Tips for Online Workshop Success
After two years and dozens of workshops, we’ve discovered a few tips and tricks to creating a successful workshop in a virtual space:
1. Stick to the Agenda
A structured agenda is essential to keeping the virtual workshop moving. While this was certainly true for in-person workshops, we’ve found that it is even more important in the virtual setting. When there are a lot of ideas being discussed, it is very important to strike a good balance between allowing everyone to voice their opinions and maintaining momentum. To keep the meeting on track, we like to use two key resources: a strong moderator and a universal timer.
A good moderator is someone who is able to both keep an eye on the time and moderate the discussion. They should give participants equal time to speak while listening for when ideas start to get redundant, as this is typically a good time to move on.
A universal timer helps the meeting participants stay focused and motivated. We like to set a timer at the beginning of each section of the workshop or for each new discussion. Most team collaboration platforms, such as Miro, even come with timers built in so that everyone on the team can see the time remaining on their screen.
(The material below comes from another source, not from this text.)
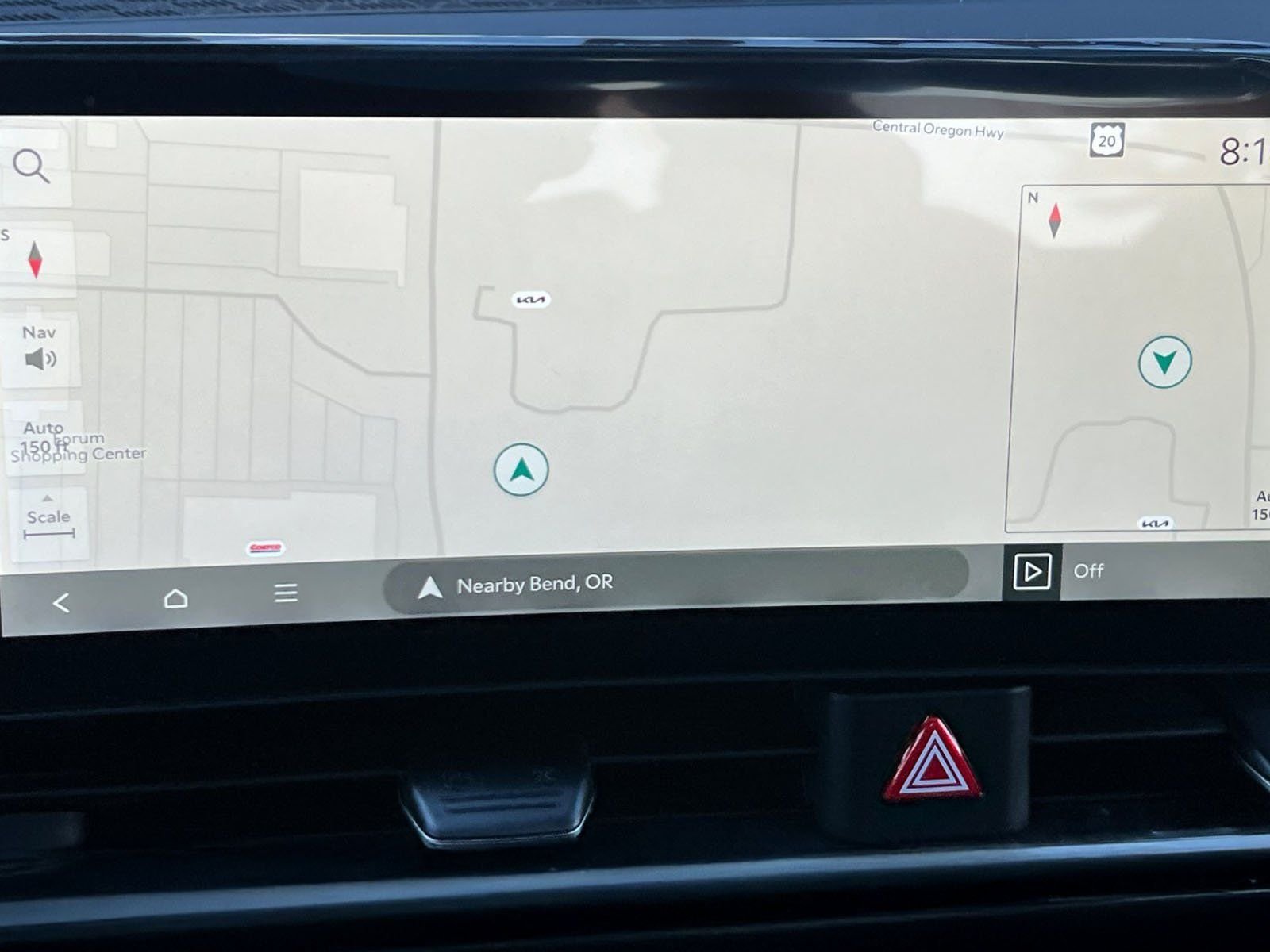 2025 Kia Carnival SX - Photo 21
2. Keep Team Engagement High
Keeping people engaged is one of the biggest challenges of a virtual setting. Though engagement is ultimately up to each individual, we’ve found a few tricks that help keep overall engagement high:
- Remind participants to come to the workshop well-rested and ready to share their thoughts.
- Encourage all participants to keep cameras on. While we understand that not everyone likes being on camera, seeing the other participants makes it a lot easier to engage in meaningful conversations.
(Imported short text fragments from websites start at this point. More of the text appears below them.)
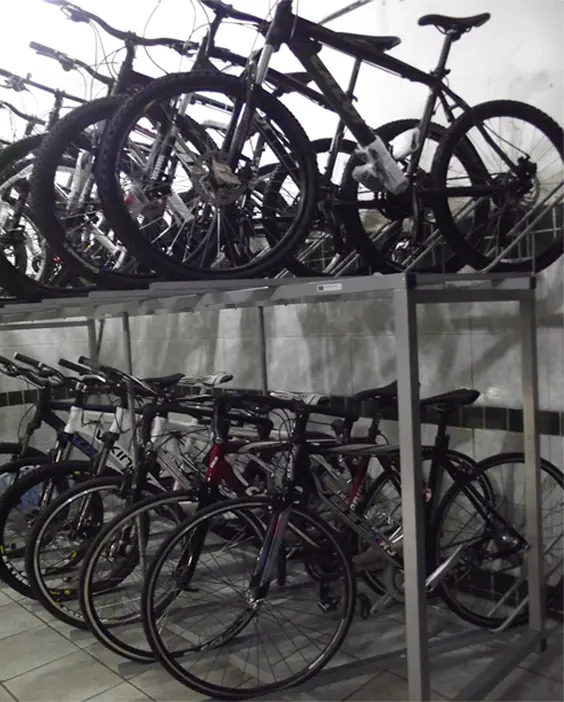 Styllus Bike Prazeres - foto 4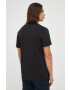 G-Star Raw tricou din bumbac culoarea roz - Pled.ro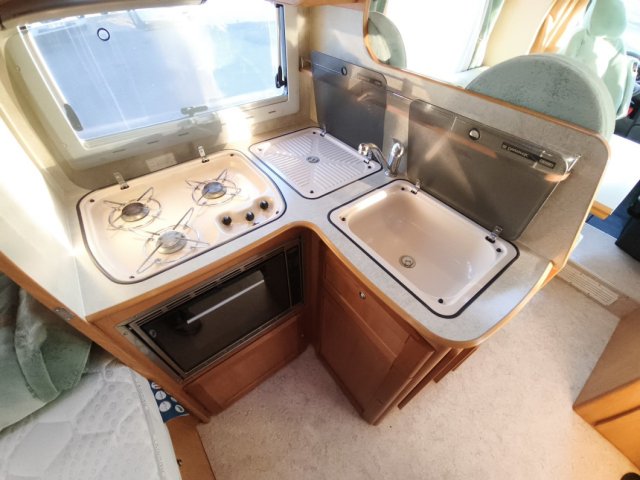 Fleurette Migrateur 67 LG - Photo 9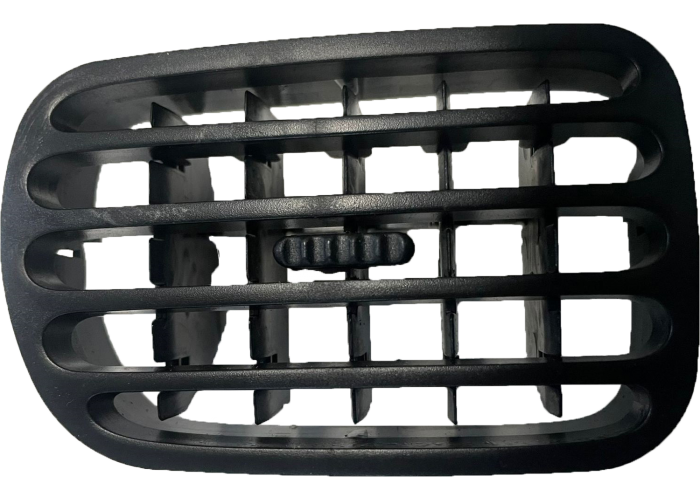 HEATER DIFUZER GRID MIDDLE R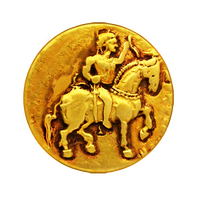 Asva : A War Strategy game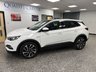 USED 2019 19 VAUXHALL GRANDLAND X 1.2 Turbo Elite Nav SUV 5dr Petrol Manual 6Spd Euro 6 (s/s) (130 ps) 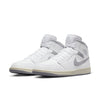 Air Jordan 1 Mid 'Neutral Grey' 554724-135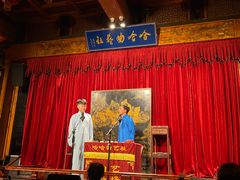 -哈哈曲艺社(西门闲亭店)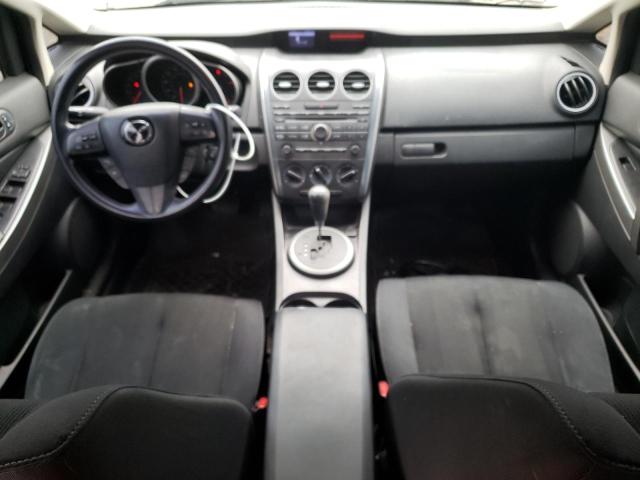 Photo 8 from auction – 2011 MAZDA CX-7 with VIN JM3ER2AM6B0361882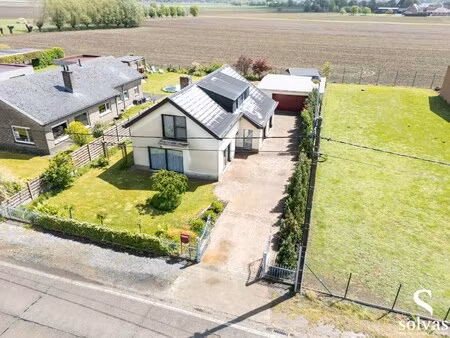 huis te koop in lievegem met 3 slaapkamers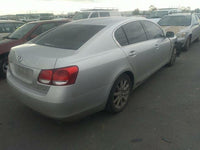 2005- 2011 Lexus GS300 S190 RWD Alternator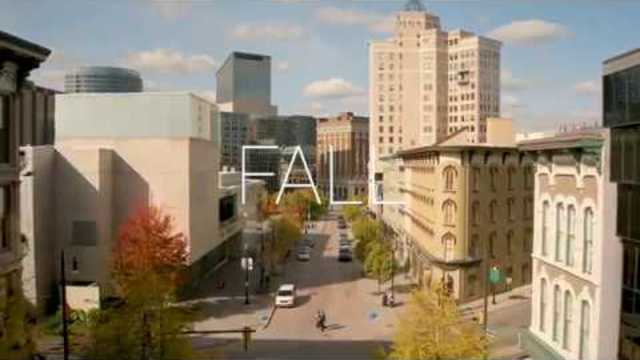 Grand Rapids Fall Activities Grand Rapids Fall Events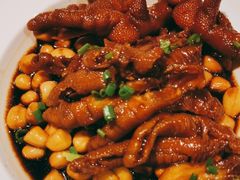 -九毛九西北菜(大东海店)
- Schedule frequent short breaks to give people a chance to recharge. Putting these breaks in the official agenda and having them noted on the timer keeps participants present and engaged.
3. Don’t Exhaust the Team
When the User Story Workshops began, they were held as two-day in-person events in our San Francisco office. While these days included social times for breakfast and lunch to break up the meetings, we were nonetheless exhausted by the end of the two days.
For the online workshops, we’ve pivoted so that we now have 3-4 meetings that are each about 2 hours in length. This gives everyone a break between workshop sections so that they can recharge and absorb the ideas being discussed. We’ve found that these “offline” times produce exciting new ideas and give participants time to refresh so that engagement stays high.
Benefits of the User Story Workshop
The User Story Workshop is the first step we recommend for any new project. We’ve found that this workshop is a great way to understand your project goals, get to know your team, and help both you and us understand what you really need.
With the User Story Workshop, you not only get to know what it’s like to work with the Grio team; you also get an insightful overview of your project that you can use with Grio, with another team, or internally.